For von der Leyen, 55, it's a spectacular career leap. As the first woman to head the defense ministry she is guaranteed a lot of attention. Von der Leyen has long been seen as a possible successor to Angela Merkel. Her new appointment allows her to edge one step closer to the chancellor.
'Take Deep Breaths'
Von der Leyen is taking over a ministry renowned for its complexity. A grand overhaul of Germany's armed forces is currently being implemented. Von der Leyen will be the third minister to have to deal with this reform process. In a highly complex reorganization program, the total number of troops is to be reduced to 185,000, and bases will be closed or merged. Many soldiers are still unsure where they are to be based in future. The 'Bundeswehrverband,' a body representing soldiers' interests, regularly carries out job satisfaction surveys among troops, and the results of future polls may well be unpleasant.
"I'm looking forward to it but I also have to say I'm very aware of what a challenge I'm about to face," she said in a television interview on Monday. She only learned of her new job in a meeting with Merkel last Thursday. "I took a deep breath," she said.
Risky Arms Projects
The many intransparent arms procurement projects her ministry is currently involved with are particularly risky territory.
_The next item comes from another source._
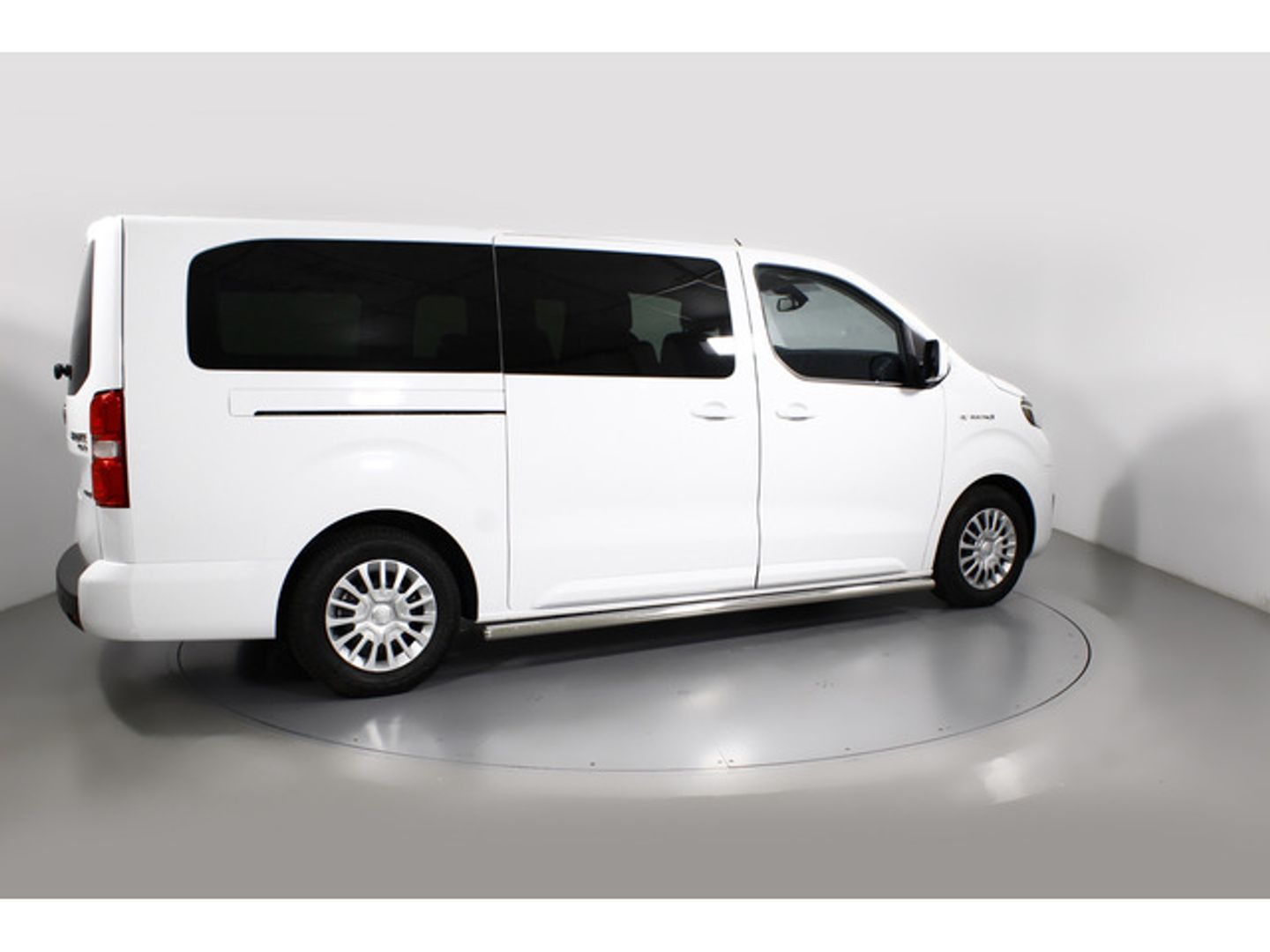 Toyota Proace Verso EV VX Plus Shuttle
Von der Leyen's predecessor, Thomas de Maizière, learned the hard way how a minister's personal image can suffer under poorly managed projects. The failed "Euro Hawk" drone project will likely be associated with de Maizière's name for a long time to come.
Von der Leyen will have to gain a detailed overview of possible problems quickly. Four projects are likely to cause her the most difficulty:
• MH90 Naval Helicopter: The navy's new helicopter for evacuating and transporting crews looks set to run over budget in addition to several technical problems. The minister must take executive decisions soon.
• A400M: The new transport plane for the Bundeswehr is scheduled to go into service next year. But for that to happen, technical licensing problems need to be solved.
• "Eurofighter": The Bundeswhr wats the latest generation of the fighter jets, but the current stock needs to be sold off before that can happen. The only problem is that no one wants to buy them. Von der Leyen must decide what to do.
• "Euro Hawk": After the failure of the reconnaissance drone project the Bundeswehr needs an alternative to provide aerial reconnaissance.
Among all these risks the defense portfolio also offers a significant opportunity for former Labor Minister von der Leyen. Next year will see the official end of Germany's combat mission in Afghanistan. The minister can capitalize on the end of the first major military deployment since the end of World War II. If the German forces manage an orderly withdrawal from Afghanistan and handle the transition well then it will be von der Leyen's success.
Von der Leyen has plenty of political instinct and is unlikely to allow the pathos of such an event to pass by unused.